WORK ORDER — Your reply must contain the full listing below, reproduced exactly, but no pictures.
┌────────
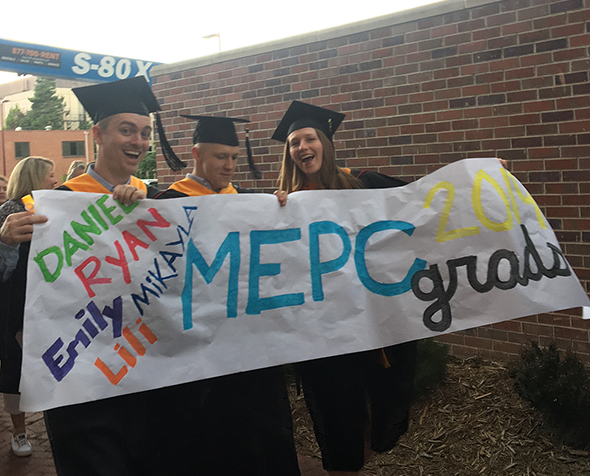 Three grad students in cap and gown walk to their 2019 commencement ceremony across campus holding an MEPC Grads banner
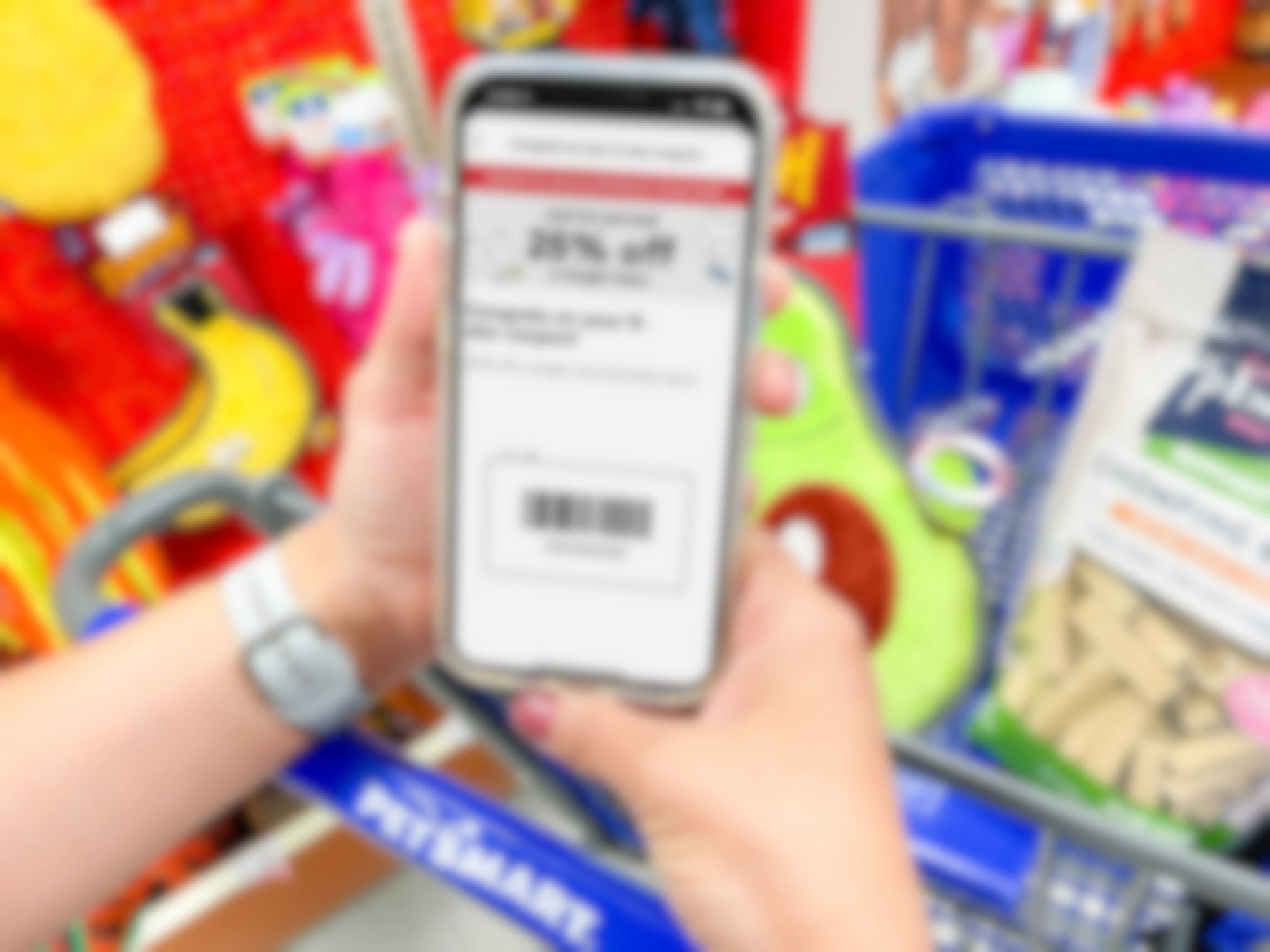 A person's hands holding a cellphone displaying a Treat Trail game coupon on the Petsmart app in front of a PetSmart shopping cart with a dog toy and treats in the basket.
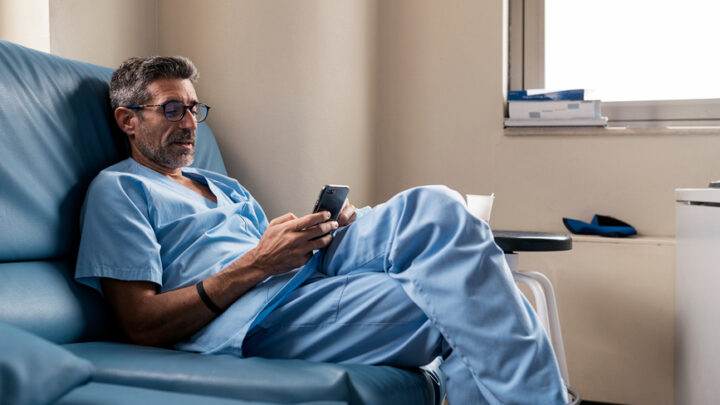 A credible healthcare practitioner in blue scrubs and glasses sits on a couch, using their smartphone near a window, possibly engaging with social channels.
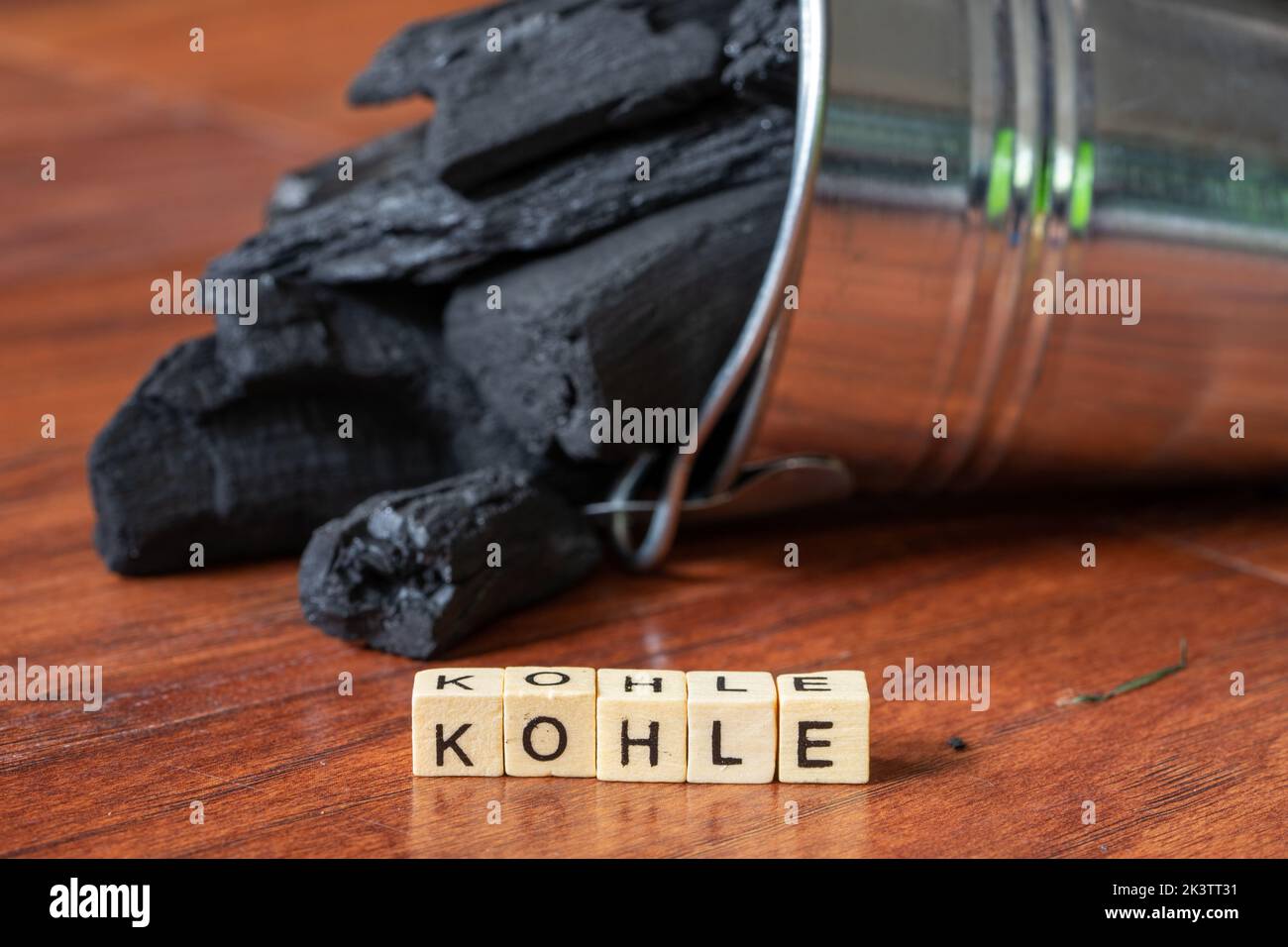 Zinc bucket with charcoal and letter word coal Stock Photo Alamy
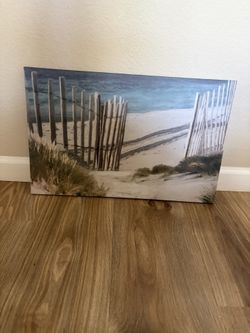Serene beach scene canvas wall art. This piece is a gallery-wrapped canvas print featuring a coastal landscape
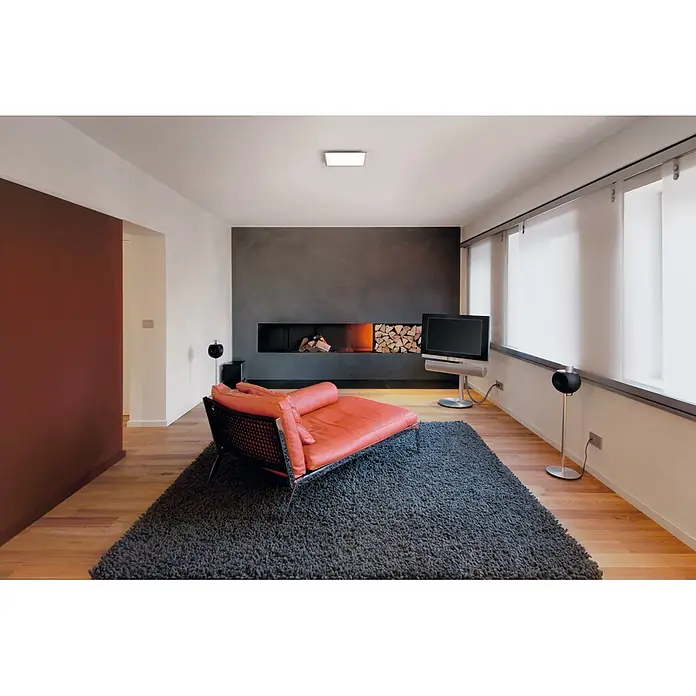 Ledvance Smart+ WiFi LED-Panel Planon Plus - L x B x H: 300 x 300 x 56 mm, Weiß, Warmweiß - Oranger Ledersessel mit schwarzer Netzlehne und Chromrahmen auf dunklem Teppich im modernen Wohnzimmer.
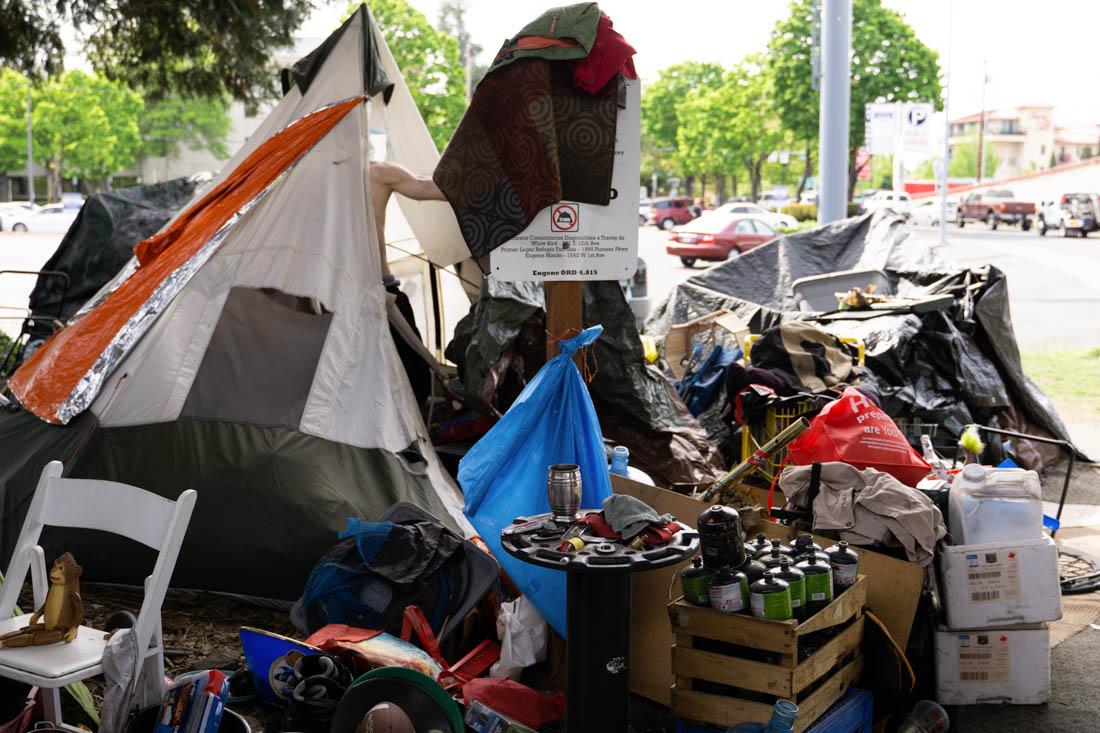 A community of houseless individuals reside underneath Coburg Road in Eugene, Ore., on May 5, 2021. (Ali Watson/Emerald)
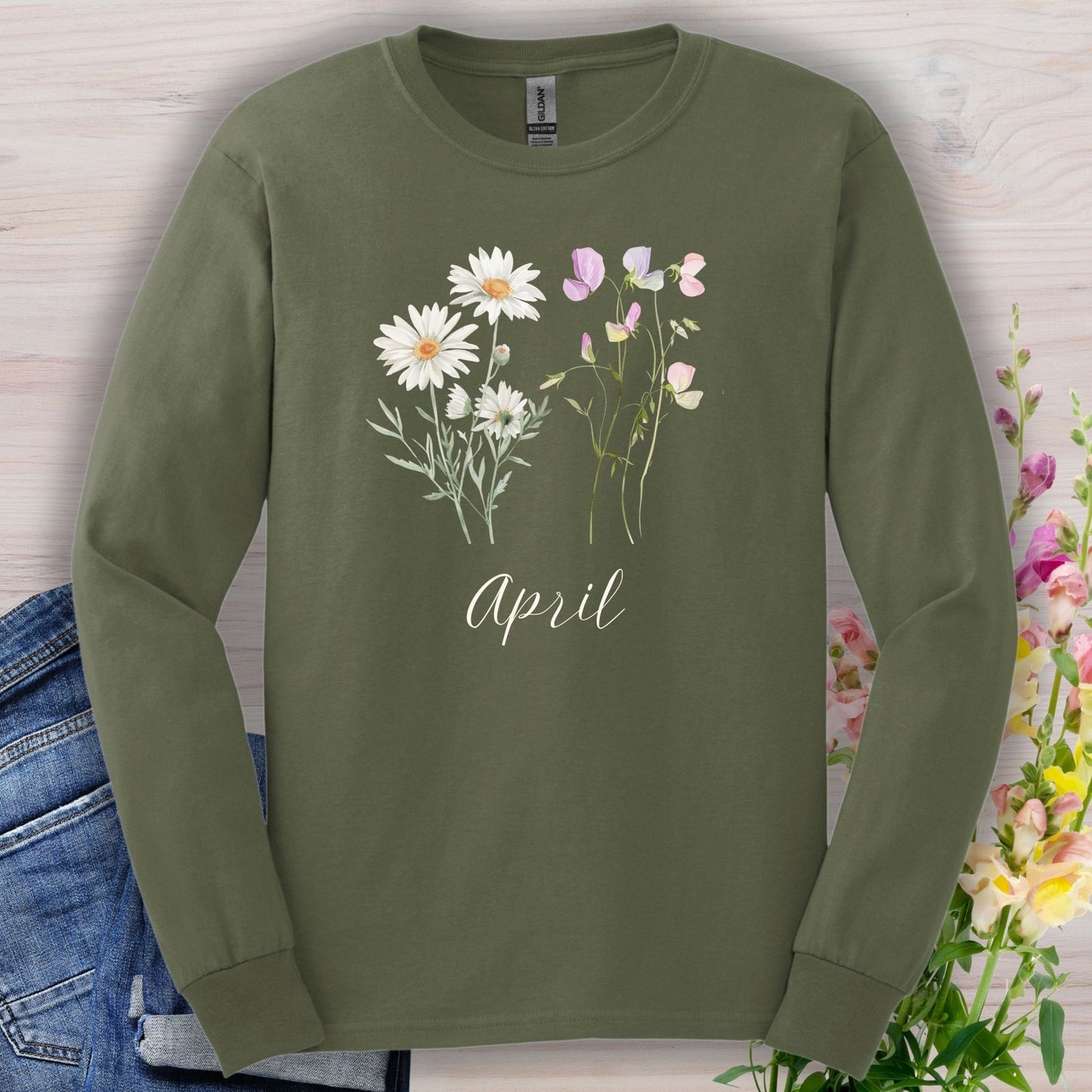 Olive green long sleeve tee with hand-drawn daisies, sweet peas, and "April" script.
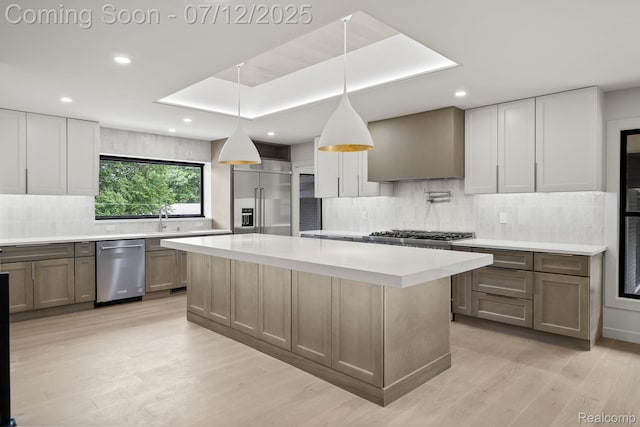 3539 Walbri Dr, Bloomfield Hills, MI 48304 - kitchen featuring appliances with stainless steel finishes, backsplash, light countertops, a center island, and wall chimney range hood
└────────
RESPONSE AREA —
 Three grad students in cap and gown walk to their 2019 commencement ceremony across campus holding an MEPC Grads banner
 A person's hands holding a cellphone displaying a Treat Trail game coupon on the Petsmart app in front of a PetSmart shopping cart with a dog toy and treats in the basket.
 A credible healthcare practitioner in blue scrubs and glasses sits on a couch, using their smartphone near a window, possibly engaging with social channels.
 Zinc bucket with charcoal and letter word coal Stock Photo Alamy
Serene beach scene canvas wall art. This piece is a gallery-wrapped canvas print featuring a coastal landscape
 Ledvance Smart+ WiFi LED-Panel Planon Plus - L x B x H: 300 x 300 x 56 mm, Weiß, Warmweiß - Oranger Ledersessel mit schwarzer Netzlehne und Chromrahmen auf dunklem Teppich im modernen Wohnzimmer.
 A community of houseless individuals reside underneath Coburg Road in Eugene, Ore., on May 5, 2021. (Ali Watson/Emerald)
 Olive green long sleeve tee with hand-drawn daisies, sweet peas, and "April" script.
 3539 Walbri Dr, Bloomfield Hills, MI 48304 - kitchen featuring appliances with stainless steel finishes, backsplash, light countertops, a center island, and wall chimney range hood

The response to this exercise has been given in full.